Stanford University

Ginzton lab researchers help build new quantum matter for use in simulations

BY RACHEL TOMPA

Some quantum problems are too complex to be solved with numbers and computers. Scientists can use math to predict the behavior of single particles or pairs of particles with relative ease, but the behavior of multiple particles can cause them to throw up their hands in despair, computationally speaking. So researchers have to turn to other ways of making accurate predictions about the quantum behavior of a group of many particles. Now, researchers at Stanford have constructed a special kind of quantum matter that could be a steppingstone to simulate the previously unpredictable behavior of multiple-particle systems.

A team of researchers from the Ginzton Laboratory at Stanford and the National Institute of Informatics and the NTT basic research laboratory in Japan, led by Yoshihisa Yamamoto, Stanford professor of applied physics and electrical engineering, have succeeded in manipulating a state analogous to a Bose-Einstein condensate—a bizarre quantum phenomenon where particles fuse to form one "superparticle"—in ways previously thought to be impossible. Their results were published in the Nov. 22 issue of Nature.

The scientists hope that these manipulations will lead to better predictions of other murky quantum phenomena such as high-temperature superconductivity, a state where certain materials show zero electrical resistance at higher temperatures than can be explained by current knowledge. Physicists have proposed models to explain these phenomena, but "you cannot solve these models analytically," Yamamoto said.

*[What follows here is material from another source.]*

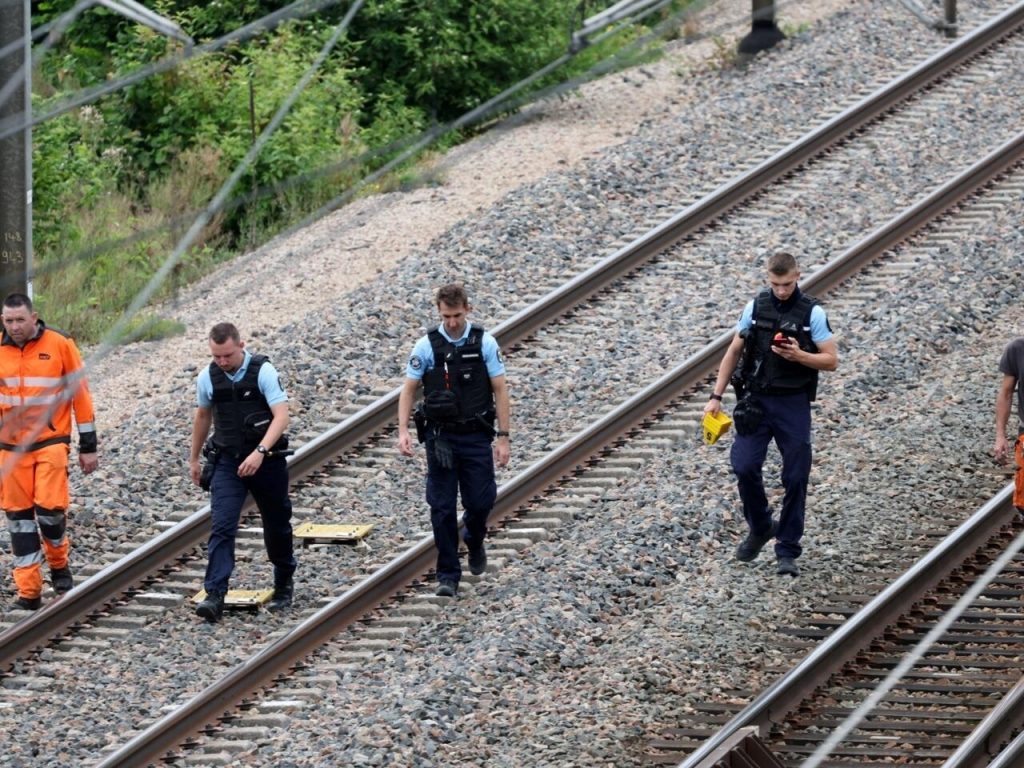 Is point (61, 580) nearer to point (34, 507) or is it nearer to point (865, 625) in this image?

Chih-Wei Lai, a visiting scholar in the Ginzton Lab and first author of the study, said that some predictions are just too hard to make without concrete physical examples. "There's no way you could predict the existence of life if you only knew about atoms," he said. "Similarly, we know the basics of how electrons move, but we can't predict whether a certain material will be a superconductor or not based only on these basic laws."

Much as engineers build small-scale models of complicated airplanes before tackling the real thing, the team of researchers constructed an artificial system that could lead to better understanding of complicated natural systems. By building on the quantum principles that certain particles at very high densities or very cold temperatures can form a supercohesive Bose-Einstein condensate, Yamamoto's group hoped to create a system with tunable parameters to simulate the environment where electrons move in a solid, thus gaining more insight into the function of natural many-particle systems.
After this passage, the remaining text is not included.